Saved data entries
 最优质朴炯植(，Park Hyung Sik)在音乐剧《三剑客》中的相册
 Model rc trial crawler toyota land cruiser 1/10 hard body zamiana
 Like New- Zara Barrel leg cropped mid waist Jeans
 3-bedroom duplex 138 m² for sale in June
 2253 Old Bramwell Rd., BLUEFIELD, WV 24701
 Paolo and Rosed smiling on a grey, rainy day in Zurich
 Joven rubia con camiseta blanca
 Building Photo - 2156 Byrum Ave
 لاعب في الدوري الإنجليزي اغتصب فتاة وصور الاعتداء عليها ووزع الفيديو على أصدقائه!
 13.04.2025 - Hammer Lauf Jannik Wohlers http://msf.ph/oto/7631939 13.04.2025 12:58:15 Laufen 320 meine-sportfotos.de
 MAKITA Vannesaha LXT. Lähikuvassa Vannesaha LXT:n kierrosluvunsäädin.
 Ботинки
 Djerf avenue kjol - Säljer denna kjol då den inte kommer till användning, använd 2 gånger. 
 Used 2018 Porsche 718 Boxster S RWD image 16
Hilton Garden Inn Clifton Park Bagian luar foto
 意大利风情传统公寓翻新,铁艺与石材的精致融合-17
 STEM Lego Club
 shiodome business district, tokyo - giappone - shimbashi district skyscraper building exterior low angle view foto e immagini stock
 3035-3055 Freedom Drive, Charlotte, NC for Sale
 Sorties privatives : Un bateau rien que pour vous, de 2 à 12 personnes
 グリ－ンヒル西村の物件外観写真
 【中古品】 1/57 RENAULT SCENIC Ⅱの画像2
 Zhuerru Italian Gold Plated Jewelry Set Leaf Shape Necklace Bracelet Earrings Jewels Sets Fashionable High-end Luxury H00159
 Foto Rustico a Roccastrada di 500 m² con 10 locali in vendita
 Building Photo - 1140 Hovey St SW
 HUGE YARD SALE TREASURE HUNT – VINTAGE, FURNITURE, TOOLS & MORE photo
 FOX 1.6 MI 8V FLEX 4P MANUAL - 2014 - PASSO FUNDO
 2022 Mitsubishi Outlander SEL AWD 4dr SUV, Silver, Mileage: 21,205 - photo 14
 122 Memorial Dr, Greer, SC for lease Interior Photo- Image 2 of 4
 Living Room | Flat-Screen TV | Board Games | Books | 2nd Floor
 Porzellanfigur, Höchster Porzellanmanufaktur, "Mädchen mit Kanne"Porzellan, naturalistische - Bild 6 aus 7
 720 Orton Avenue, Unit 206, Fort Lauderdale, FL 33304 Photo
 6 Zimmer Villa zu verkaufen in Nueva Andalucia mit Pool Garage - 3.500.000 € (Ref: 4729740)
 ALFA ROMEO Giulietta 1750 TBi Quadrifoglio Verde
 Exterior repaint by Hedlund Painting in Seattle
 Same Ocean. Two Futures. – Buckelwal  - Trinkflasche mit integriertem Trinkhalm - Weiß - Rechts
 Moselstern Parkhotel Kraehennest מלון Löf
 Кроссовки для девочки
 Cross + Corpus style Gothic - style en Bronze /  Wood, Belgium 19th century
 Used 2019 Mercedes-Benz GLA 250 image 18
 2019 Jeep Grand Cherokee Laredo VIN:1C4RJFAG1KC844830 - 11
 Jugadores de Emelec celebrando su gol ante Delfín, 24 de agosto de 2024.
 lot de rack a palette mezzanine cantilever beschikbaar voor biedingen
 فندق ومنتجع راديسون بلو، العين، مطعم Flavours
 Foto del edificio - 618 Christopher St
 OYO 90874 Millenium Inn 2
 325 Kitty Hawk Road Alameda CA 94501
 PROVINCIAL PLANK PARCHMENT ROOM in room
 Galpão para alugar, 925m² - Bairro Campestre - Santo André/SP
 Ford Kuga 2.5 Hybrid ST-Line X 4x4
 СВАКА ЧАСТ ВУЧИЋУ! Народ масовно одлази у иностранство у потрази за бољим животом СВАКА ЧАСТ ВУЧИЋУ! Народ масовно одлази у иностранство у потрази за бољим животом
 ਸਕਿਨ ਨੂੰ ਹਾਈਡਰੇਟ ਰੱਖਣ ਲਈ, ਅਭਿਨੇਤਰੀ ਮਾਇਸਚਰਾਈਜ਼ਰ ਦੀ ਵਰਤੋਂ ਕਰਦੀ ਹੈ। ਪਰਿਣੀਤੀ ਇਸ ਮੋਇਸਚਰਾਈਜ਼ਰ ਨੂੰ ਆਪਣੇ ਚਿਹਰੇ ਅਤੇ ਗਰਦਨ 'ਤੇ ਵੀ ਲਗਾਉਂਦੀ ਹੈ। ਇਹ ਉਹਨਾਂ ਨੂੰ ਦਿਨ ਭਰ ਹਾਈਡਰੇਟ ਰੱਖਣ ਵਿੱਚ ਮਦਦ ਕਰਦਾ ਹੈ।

### Your assignment
Your task is to retype the entries verbatim, starting with the line that holds "Galpão para alugar, 925m²" and stopping after the line that holds "бољим животом СВАКА".

### Reply
 Galpão para alugar, 925m² - Bairro Campestre - Santo André/SP
 Ford Kuga 2.5 Hybrid ST-Line X 4x4
 СВАКА ЧАСТ ВУЧИЋУ! Народ масовно одлази у иностранство у потрази за бољим животом СВАКА ЧАСТ ВУЧИЋУ! Народ масовно одлази у иностранство у потрази за бољим животом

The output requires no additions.